ISS astronauts (L-R) Peggy Whitson (NASA), Fyodor Yurchikhin (Roscosmos) and Jack Fischer (NASA) after landing in their Soyuz MS-04 spacecraft in Kazakhstan, September 2, 2017 EDT. Photo credit: NASA

This was the President’s second phone call with the duo.  He first spoke with them on April 24 when they were aboard the International Space Station (ISS). Whitson broke the record for the most cumulative time in space for a U.S. astronaut that day — 534 days.  The new record, which she set on Saturday at the conclusion of this spaceflight, is 665 days. She accumulated that time over her three missions to the ISS in 2002, 2007-8, and this one, which began on November 17, 2016. NASA astronaut Scott Kelly still holds the U.S. record for continuous time in space on a single mission. — 340 days.

Whitson also set new records for number of spacewalks by a woman (10), time on spacewalks by a woman (60 hours 21 minutes), the only woman to command the ISS twice (on her 2007-2008 mission and on this one), and the oldest woman to fly in space (58).

Yesterday Trump said “Exploration has always been at the core of who we are as Americans, and [the astronauts’] brave contributions to human space flight have continued that tradition” according to a White House readout of the phone call.

The White House press release stated that the “President is supportive of the budding commercial space flight industry, and encourages competition and innovation in that area,” although the remarks were not attributed to him.

Acting NASA Administrator Robert Lightfoot said in a statement that he appreciates the President “reaching out to congratulate Peggy for her record-breaking mission and Jack for his accomplishments on his first spaceflight.”  He added his thanks to the teams who supported the mission “especially in Houston” where Hurricane/Tropical Storm Harvey wreaked havoc during the final days of the flight, but the teams “still maintained the focus to get Peggy and Jack home safely.”

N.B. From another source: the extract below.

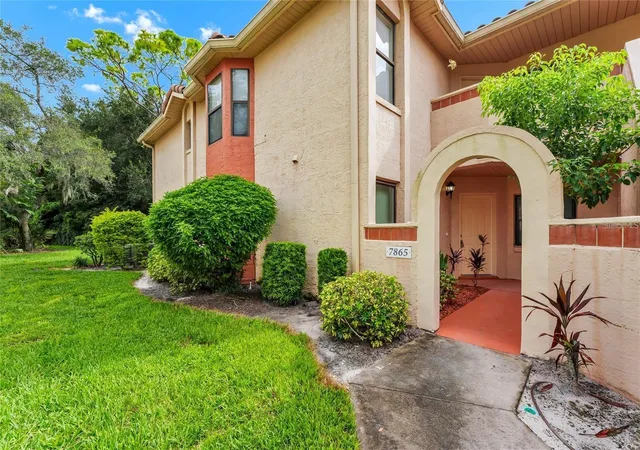 Photo 2 of Sale Pending at 7865 Sugar View Ct #7865, Orlando, FL 32819 | MLS# O6435833 | Listing updated on 2026-09-08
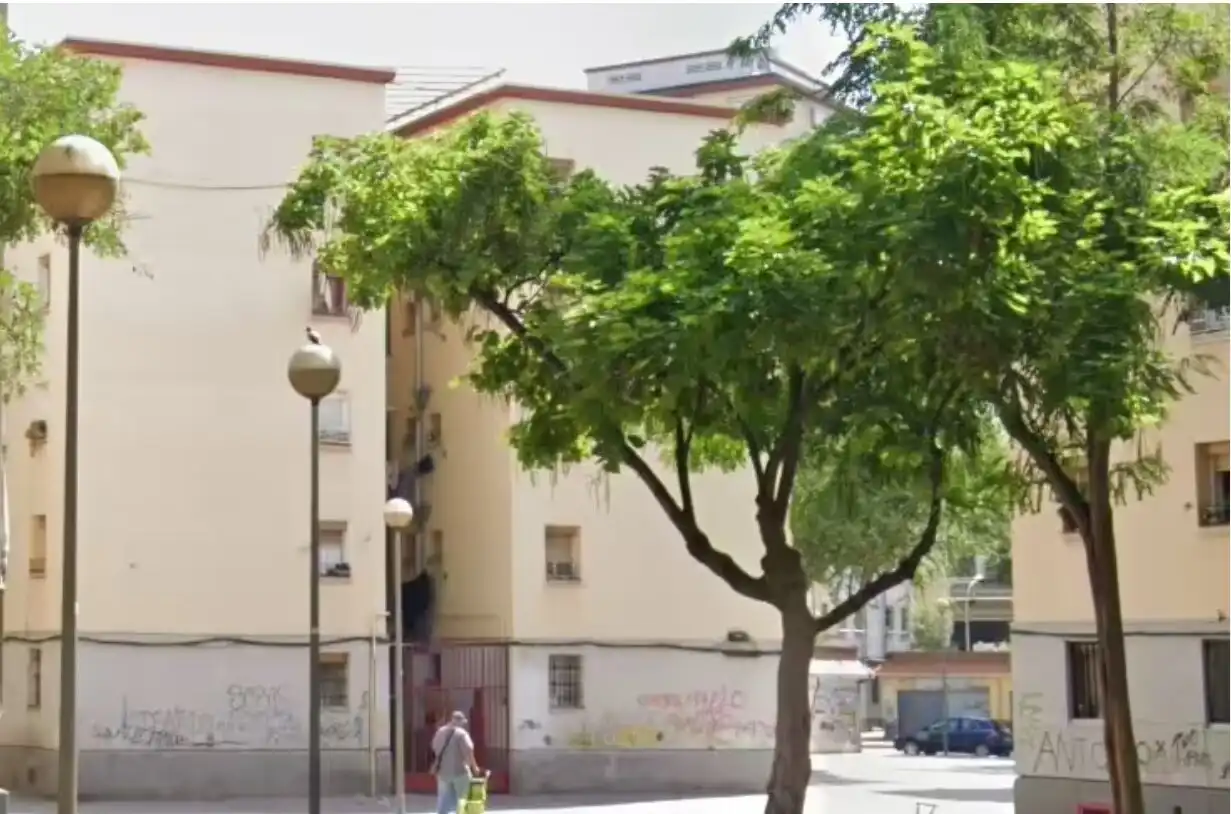 Piso en venta en Artigues - Llefià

Usually NASA astronauts fly back to Houston directly from Kazakhstan, but the NASA airplane could not leave Houston on time to meet them because of Harvey. Instead, the European Space Agency (ESA), a partner in the ISS program, sent a plane from its astronaut center in Cologne, Germany to pick them up.  The NASA plane rendezvoused with them in Cologne and brought them home to Houston.  Trump spoke to them while they were on the NASA plane.